Milchgeld, by Volker Klüpfel and Michael Kobr, is a leisurely Krimi set in the idyllic dairylands at the feet of the Bavarian Alps. They say that it gets harder to solve a murder case as each day passes, but in the Allgäu, the detective squad operates on a scale of weeks or longer, interspersing their extremely gradual collection of clues with all sorts of local-color digressions and minute character notes.

For all that, you have to like Milchgeld and its inspector, Kommissar Kluftinger – middle-aged and mildly neurotic. Kluftinger is much closer to Donna Leon's Brunetti than to Henning Mankell's Wallander. Kluftinger is set in his ways and can be prickly at times, but he seems driven by no demon stronger than occasional indigestion.

Milchgeld means "milk money," and becomes the occasion for puns at several points in the novel. Alfred Komarek's Polt muß weinen features murder against a background of Austrian wine production; Arnaldur Indriðason's Todesrosen sets murder in the context of Icelandic fishing quotas; Milchgeld gives us intrigue and death in the cheese industry of Bavaria.

Kluftinger has more than a professional interest in cheese. He is torn from a dish of his beloved Kässpatzen by a call from his office: a top cheese scientist has been strangled with a curtain cord. What kind of curtain cord, Kluftinger's wife asks. There are different kinds? Kluftinger replies.

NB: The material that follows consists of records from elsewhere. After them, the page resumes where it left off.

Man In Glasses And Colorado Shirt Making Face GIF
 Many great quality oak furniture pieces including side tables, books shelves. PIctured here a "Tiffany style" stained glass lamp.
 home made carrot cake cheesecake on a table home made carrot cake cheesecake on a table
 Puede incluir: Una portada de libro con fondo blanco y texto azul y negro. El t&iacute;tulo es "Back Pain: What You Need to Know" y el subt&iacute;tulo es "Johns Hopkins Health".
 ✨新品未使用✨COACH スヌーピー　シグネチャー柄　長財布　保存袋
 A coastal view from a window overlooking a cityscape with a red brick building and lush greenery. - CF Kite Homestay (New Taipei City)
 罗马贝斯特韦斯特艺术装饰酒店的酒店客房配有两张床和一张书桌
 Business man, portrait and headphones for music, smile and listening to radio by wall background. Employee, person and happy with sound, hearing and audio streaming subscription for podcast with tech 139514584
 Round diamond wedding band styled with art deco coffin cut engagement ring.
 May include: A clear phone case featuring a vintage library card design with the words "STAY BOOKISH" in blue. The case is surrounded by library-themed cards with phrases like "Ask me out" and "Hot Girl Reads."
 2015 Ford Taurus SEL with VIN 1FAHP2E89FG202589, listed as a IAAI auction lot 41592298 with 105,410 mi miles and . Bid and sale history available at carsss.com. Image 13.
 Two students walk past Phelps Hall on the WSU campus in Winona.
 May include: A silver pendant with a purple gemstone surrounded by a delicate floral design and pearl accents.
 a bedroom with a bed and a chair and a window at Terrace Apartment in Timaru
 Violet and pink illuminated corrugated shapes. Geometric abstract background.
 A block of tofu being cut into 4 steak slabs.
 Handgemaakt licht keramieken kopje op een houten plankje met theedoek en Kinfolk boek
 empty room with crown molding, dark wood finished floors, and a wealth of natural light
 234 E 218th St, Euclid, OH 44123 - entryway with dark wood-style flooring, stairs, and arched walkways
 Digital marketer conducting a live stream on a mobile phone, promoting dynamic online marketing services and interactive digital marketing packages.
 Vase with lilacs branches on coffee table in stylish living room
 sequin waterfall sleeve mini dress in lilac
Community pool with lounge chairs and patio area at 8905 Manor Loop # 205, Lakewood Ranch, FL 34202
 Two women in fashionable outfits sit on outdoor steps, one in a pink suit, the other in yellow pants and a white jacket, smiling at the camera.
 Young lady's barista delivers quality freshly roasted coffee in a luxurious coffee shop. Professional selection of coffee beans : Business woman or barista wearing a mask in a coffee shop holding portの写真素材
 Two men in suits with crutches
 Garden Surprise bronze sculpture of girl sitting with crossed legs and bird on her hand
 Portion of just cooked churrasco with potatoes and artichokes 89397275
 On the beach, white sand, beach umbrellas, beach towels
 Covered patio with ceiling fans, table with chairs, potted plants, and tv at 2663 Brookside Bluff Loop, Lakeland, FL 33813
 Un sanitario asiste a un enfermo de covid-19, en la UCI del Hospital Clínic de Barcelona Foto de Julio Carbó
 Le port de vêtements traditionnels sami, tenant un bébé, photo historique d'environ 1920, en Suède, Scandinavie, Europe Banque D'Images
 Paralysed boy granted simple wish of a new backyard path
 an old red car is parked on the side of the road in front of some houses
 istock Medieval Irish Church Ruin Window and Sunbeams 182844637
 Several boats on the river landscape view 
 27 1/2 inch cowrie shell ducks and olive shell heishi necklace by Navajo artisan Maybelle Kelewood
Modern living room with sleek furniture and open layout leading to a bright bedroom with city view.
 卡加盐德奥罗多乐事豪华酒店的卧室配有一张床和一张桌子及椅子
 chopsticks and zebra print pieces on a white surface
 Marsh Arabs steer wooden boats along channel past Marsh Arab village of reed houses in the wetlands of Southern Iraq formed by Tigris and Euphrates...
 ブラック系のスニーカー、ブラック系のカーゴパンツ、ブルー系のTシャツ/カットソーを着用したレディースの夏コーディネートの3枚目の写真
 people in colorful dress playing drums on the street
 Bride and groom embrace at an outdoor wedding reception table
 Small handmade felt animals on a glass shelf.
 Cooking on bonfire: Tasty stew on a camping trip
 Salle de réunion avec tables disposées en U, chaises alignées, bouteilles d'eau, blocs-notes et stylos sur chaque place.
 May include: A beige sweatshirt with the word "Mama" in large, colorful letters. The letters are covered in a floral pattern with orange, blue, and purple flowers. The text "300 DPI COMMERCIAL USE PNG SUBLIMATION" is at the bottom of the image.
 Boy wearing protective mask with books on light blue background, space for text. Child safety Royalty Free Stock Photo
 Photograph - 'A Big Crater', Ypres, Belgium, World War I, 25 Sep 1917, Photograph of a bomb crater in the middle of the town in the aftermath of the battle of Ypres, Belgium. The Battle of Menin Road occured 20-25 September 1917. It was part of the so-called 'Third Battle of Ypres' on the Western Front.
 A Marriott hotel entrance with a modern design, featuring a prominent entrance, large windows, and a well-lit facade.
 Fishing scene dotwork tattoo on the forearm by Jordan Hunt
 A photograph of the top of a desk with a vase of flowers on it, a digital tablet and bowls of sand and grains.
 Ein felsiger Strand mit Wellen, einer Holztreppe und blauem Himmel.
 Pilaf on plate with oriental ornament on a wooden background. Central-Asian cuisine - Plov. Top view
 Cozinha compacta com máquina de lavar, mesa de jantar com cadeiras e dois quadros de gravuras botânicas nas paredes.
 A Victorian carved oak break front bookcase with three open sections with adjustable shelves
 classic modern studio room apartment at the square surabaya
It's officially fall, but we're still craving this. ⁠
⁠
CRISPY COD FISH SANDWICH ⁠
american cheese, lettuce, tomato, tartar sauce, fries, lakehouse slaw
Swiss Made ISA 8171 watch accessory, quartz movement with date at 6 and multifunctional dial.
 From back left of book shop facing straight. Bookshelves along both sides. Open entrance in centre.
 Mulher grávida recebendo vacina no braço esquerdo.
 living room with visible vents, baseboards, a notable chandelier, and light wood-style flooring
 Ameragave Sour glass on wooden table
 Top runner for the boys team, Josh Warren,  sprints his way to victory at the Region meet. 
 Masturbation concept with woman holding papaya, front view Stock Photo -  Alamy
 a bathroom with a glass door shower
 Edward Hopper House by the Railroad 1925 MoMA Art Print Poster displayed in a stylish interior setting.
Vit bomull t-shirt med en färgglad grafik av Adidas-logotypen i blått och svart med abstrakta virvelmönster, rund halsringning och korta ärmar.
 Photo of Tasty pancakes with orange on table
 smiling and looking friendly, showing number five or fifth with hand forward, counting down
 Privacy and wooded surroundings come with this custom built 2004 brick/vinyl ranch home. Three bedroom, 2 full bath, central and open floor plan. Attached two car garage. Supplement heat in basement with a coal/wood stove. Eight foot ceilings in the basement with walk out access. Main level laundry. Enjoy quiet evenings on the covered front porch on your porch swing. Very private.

It's that sort of detective novel, a cosy despite the deadly earnestness of its perps and the midlife crises of its protagonist. Yet as with many a corporate Krimi, there is an undertone of serious analysis. The fat foothills of the south of Germany, with their family farms and personable, individually-belled cows, are giving way to agribusiness. To keep pace with the behemoths in the field, smaller cheese manufacturers are under pressure to rush production schedules, to cut safety corners, to source doubtfully, to create foods that are more and more artificial. There's Geld in the resulting Schnellkäse, but there's also the loss of a way of life, and stress that explodes into murder.

Klüpfel, Volker, and Michael Kobr. Milchgeld. 2006. München: Piper, 2008.